L’exigence est devenue un mot creux parmi le silence assourdissant des autres. Tout comme dans son kinématographe Ossang pèse les mots. Pas d’oiseux manifeste. Sincérité, aussi, est devenu l’un de ses mots-boites-noires ou, plutôt, trou noir dans lesquels s’abîme le sens solarien des silences. Les textes de Mercure Insolent sont des appels, de brusques appels de l’intuition. Sauvages. Sauvages comme ne peuvent plus que l’être de nos jours, gros d’ennui manufacturé, la sagesse (qui est étymologiquement une saveur) et ses expressions artistiques. Arrivés à la fin de ce livre, une seule envie le reprendre, le retourner pour y retourner, retrouver la saveur même si celle-ci à la fraîcheur de la lame d’acier qu’on vient de tremper dans le bain à la sortie de la forge. Nous plongeons à la source non alambiquée des mots et de l’art…
Kino rend juste l’intuition ! Il démembre des mots qui battent sur l’herbe naine, redresse la mort et l’ennui, droits dans le ciel, par les territoires que l’on foule – un timbre sonne ! C’est juste – qu’on soir dépassé n’importe ! Envers découvre endroit et marche mots et êtres émondant le démon des mots – on y est, nous y sommes ! Tout est vrai… Le cinématographe est le Roi révélateur ! Il démonte ce monde faux ! Brûlez-le, lumière vous brûlera ! Ce monde est faux, vous n’y pouvez rien ! Kino dit la vérité ! Mercure Insolent…(pp.140-141)
Le cinéma comme art aveugle, magie blanche, stratégie invertrice du territoire… Miroir noétique qui assume l’angéologie et la démonologie :
Le cinéma est à l’évidence une expression de l’Ange quand la littérature progresse avec les mouches, et n’empile sur le chemin que mort après mort – l’Ange est indistinct, il peut être clair et sans température, ou grillé, bondé de pourprures qui infectent (p. 142)
Lecture qui laisse dans la bouche et l’esprit une saveur, Mercure Insolent débride aussi les yeux. Vous ne regarderez plus un film comme avant et vous saurez le sens ancien des mots, le sens silencieux au goût de sel qu’on ne peut plus dire, mais qu’on perçoit, dansant dans un flot argenté, arpentant la sinuosité lumineuse du réel.
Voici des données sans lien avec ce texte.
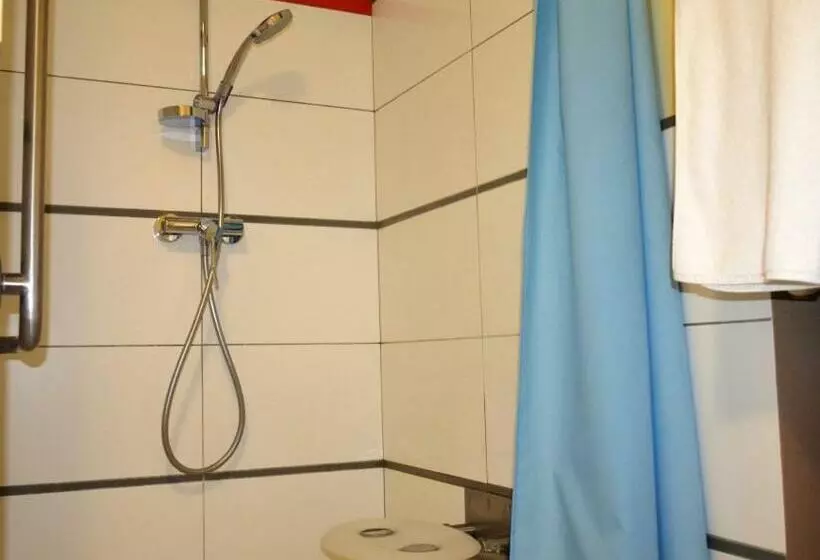 Standard Yhden Hengen Invahuone, Villa Four Rooms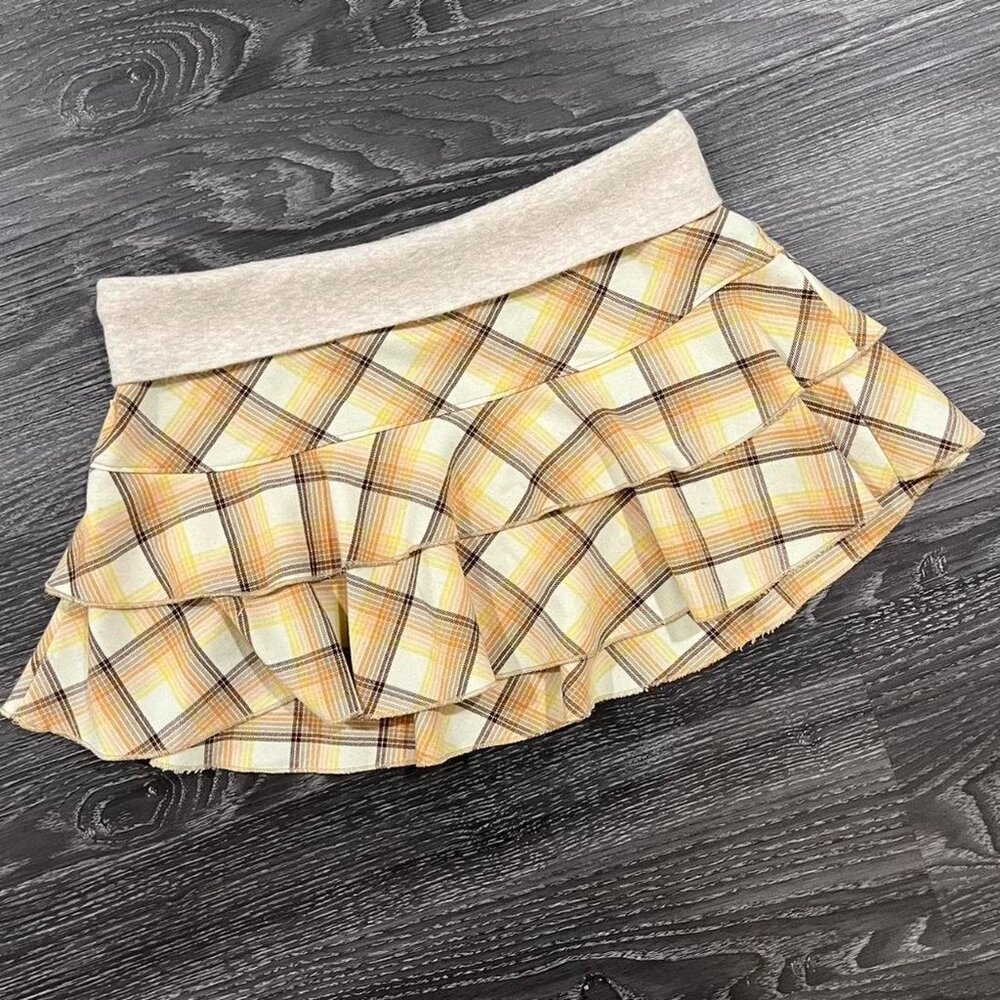 Hollister mini skirt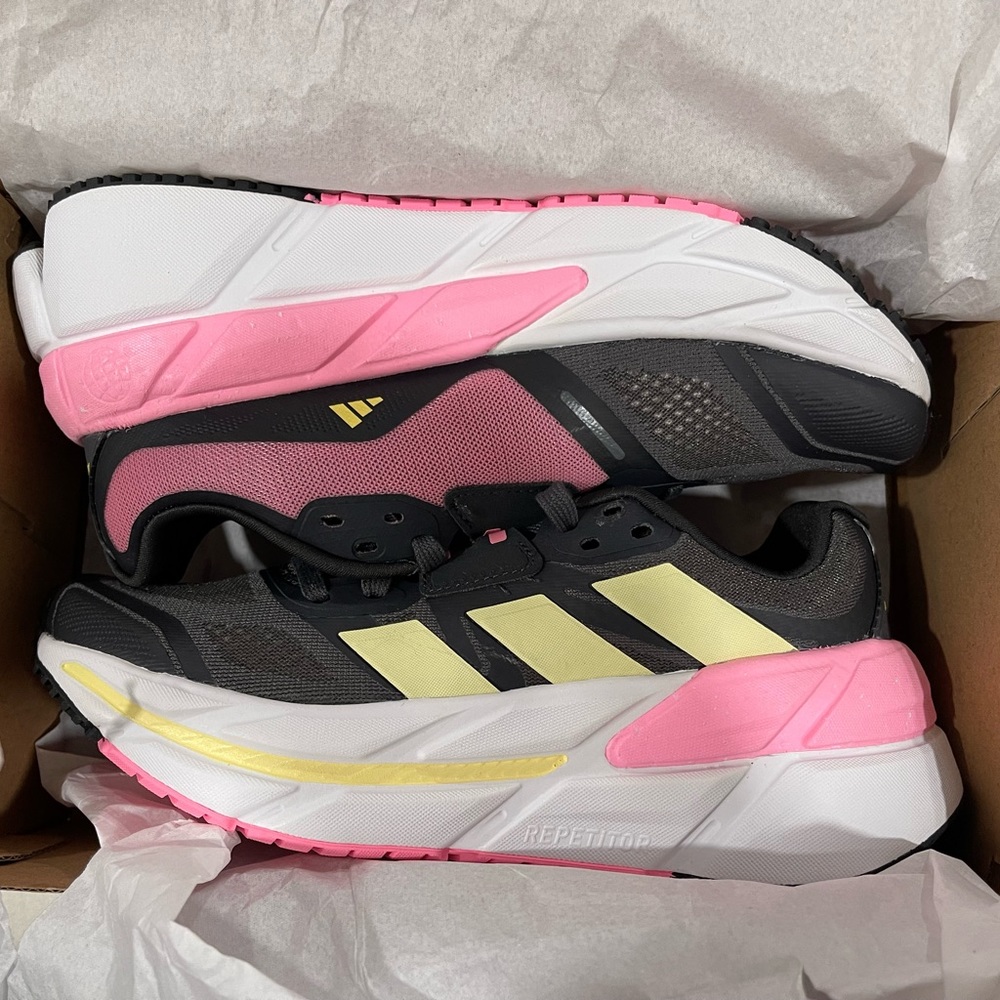 **FLASH  SALE** 
Adidas Adistar Size 6 NIB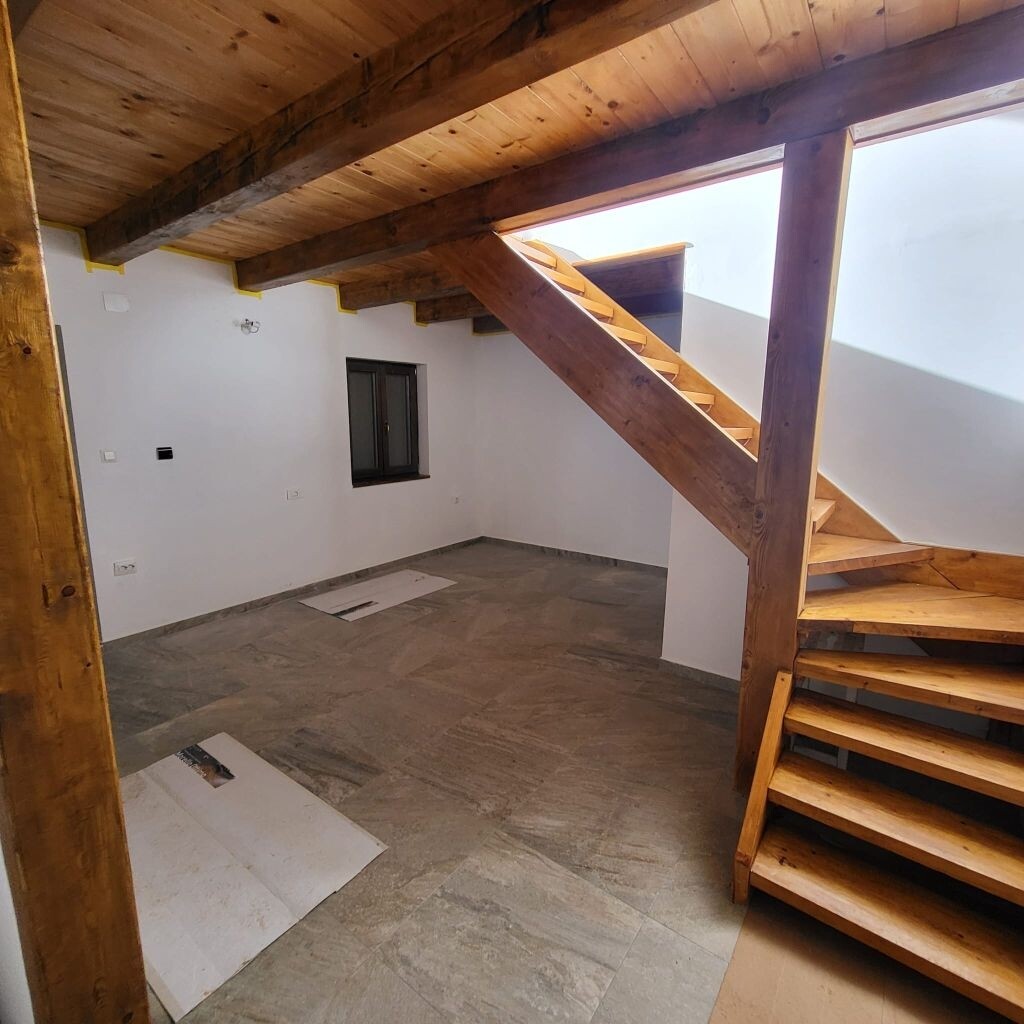 Image 5747590 - 9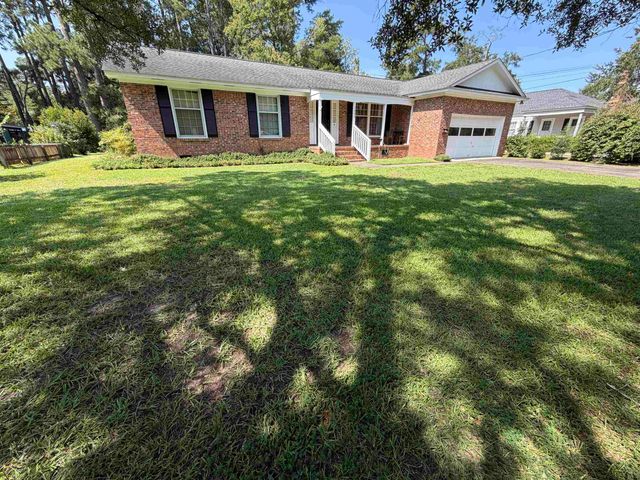1003 Lakeside Dr., Conway, SC 29526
Un cinéaste déterritorialise au lieu de dénoncer, il remonte instinctivement au génie supérieur de la lumière, comme le poète – au lieu de trivialiser l’esprit des lieux en les passant au crible délateur de sa caméra – sinon à quoi bon !… (p.106)
F.J. Ossang, Mercure Insolent, Armand Colin, 2013, Paris, collection La Fabrique du sens, 151 pages, 20 euros
(1) Le mot tittytainment a été utilisé pour la première fois par l’idéologue néolibéral Zbigniew Brzezinski en 1995 lors d’une réunion de la Fondation Gorbatchev. Forgé par lui ce mot-valise convoque les notions de « sein » et de « divertissement », toutefois ce n’est pas tant l’aspect sexuel qui est mis en avant par Brzezinski que l’idée de l’agréable engourdissement que ressent le nourrisson lors de la tété…
(2) Ciel Eteint est le titre du film réalisé par F.J. Ossang en 2008, sélectionné à la Quinzaine des réalisateurs de Cannes la même année, il fait partie du Tryptique du Paysage avec Silencio, 2007, et Vladivostok, 2008. Ces films sont disponibles en DVD regroupés dans une belle édition qui contient également le très beau long métrage Dharma Guns, la succession Starkov (2010). Chez Potemkine/Agnès B. DVD.